Political instability is when a country experiences politically motivated violence and/or crimes in society, violent protests, workers going on strikes, and so forth. Political instability is also defined as the propensity of a government collapse, and when growth is significantly lower than otherwise. Poor economic performance, however, may lead to a government’s collapse and political unrest.
That being said, there was a time in Guyana when there was political instability – a period characterised as when there were politically motivated crimes and riots in the city etc.
Then, subsequently, at the said forum, a former president of the GCCI countered the Minister’s bold request to the Private Sector members, in which the argument was made that “the Private Sector has the right to be involved in politics, because it involves the expenditure of their money.”
This is an equally meritorious argument put forward by the Chamber’s former president, and the reason for this is quite simple to comprehend; and that is: the Government has a responsibility to stimulate confidence in the economy, and to create an enabling environment in which businesses are incentivised to prosper and invest more in the economy.

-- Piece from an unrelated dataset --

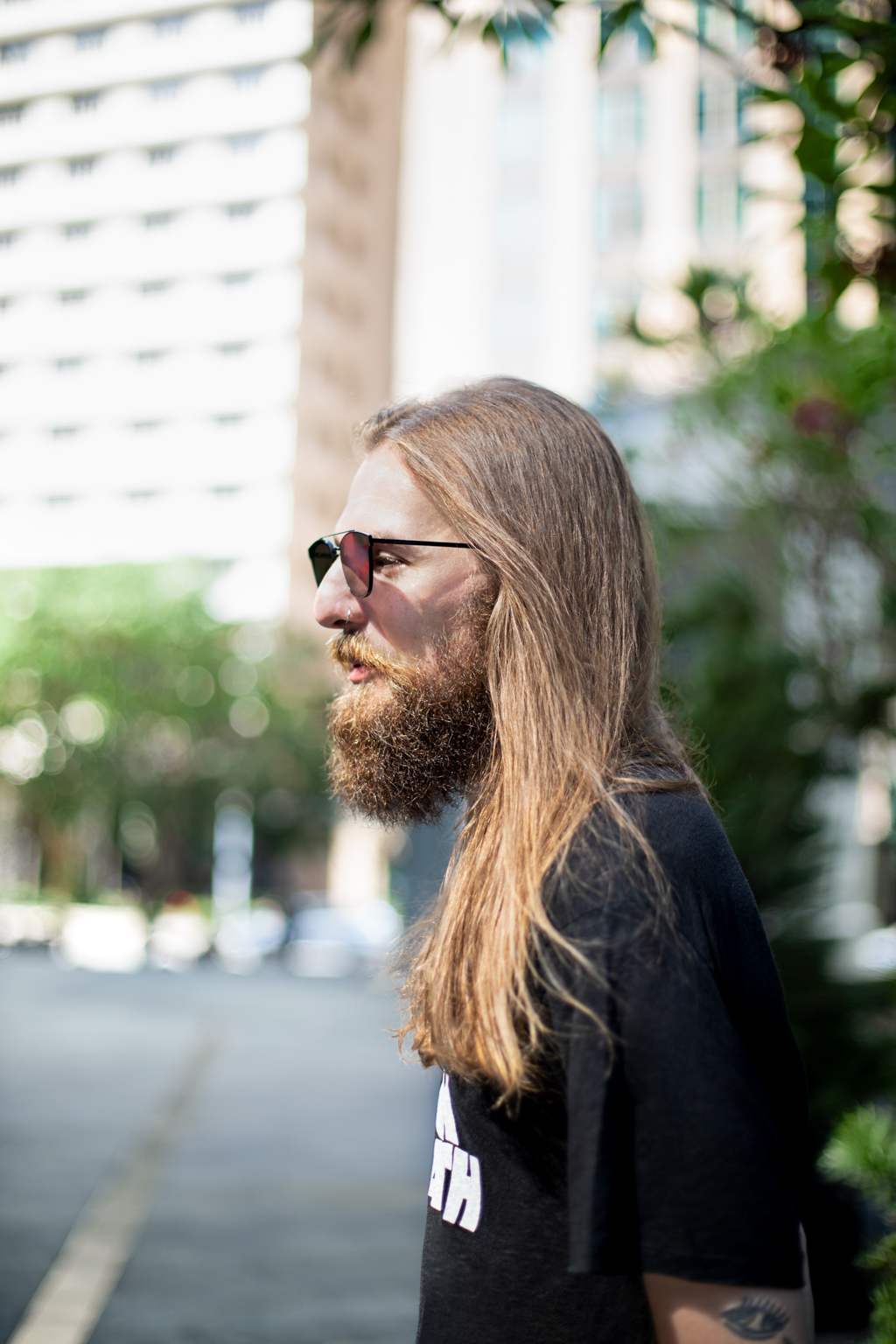 Aleksey-Creative_Director-Sunglasses_Saint_Laurent-Top_Sandro-Shoes_Converse-Ring_Parts_of_Four-UNIFORM-27052022-2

But perhaps in order to achieve such outcomes, this analyst is of the view that these Private Sector agencies may need to relook at their approach in how they seek to promote their interests and concerns to the Government of the day.
While such business forums are held with good intent, and do serve in a positive spirit, the Chamber and the Private Sector Commission should consider consolidating their resources into one agency. With due respect, it should be mentioned that this is a notion that was originally conveyed to this columnist by one of the Chamber’s former presidents; and it of course has a lot of merit, and is thus endorsed and re-stated here by this author.
Suffice it to state that this will aid in the optimisation of the limited resources which these agencies possess. And secondly, they would be able to focus on engaging in more meaningful dialogues with the Government in a more formal and appropriate setting, rather than utilising a multiplicity of other mechanisms to channel those concerns.
It is sometimes very essential that businesses and/or firms remain and maintain neutrality at all times; because, at the end of the day — if not all times, most of the time — national politics tends to triumph as being supreme.
As Clare Goff from the Centre of Economic Strategies in the United Kingdom put it: “a new era of regeneration is emerging; one defined by less money and fewer programmes, but where the top-down approach of the previous era will be replaced with the bottom-up approach. The Private Sector is being called on to lead countries back to growth, but with fewer resources or support to do so. Alongside this, corporate social responsibility is moving into a new phase, defined by stronger partnerships with stakeholders, and a deeper engagement with social and local issues. The opportunities are opening up for businesses to engage at a deeper level with local communities and social issues, but business alone is not enough to transform deprived local areas. Rather, bold thinking and stronger partnerships between the public, private and social sectors would help communities move towards a more resilient future”.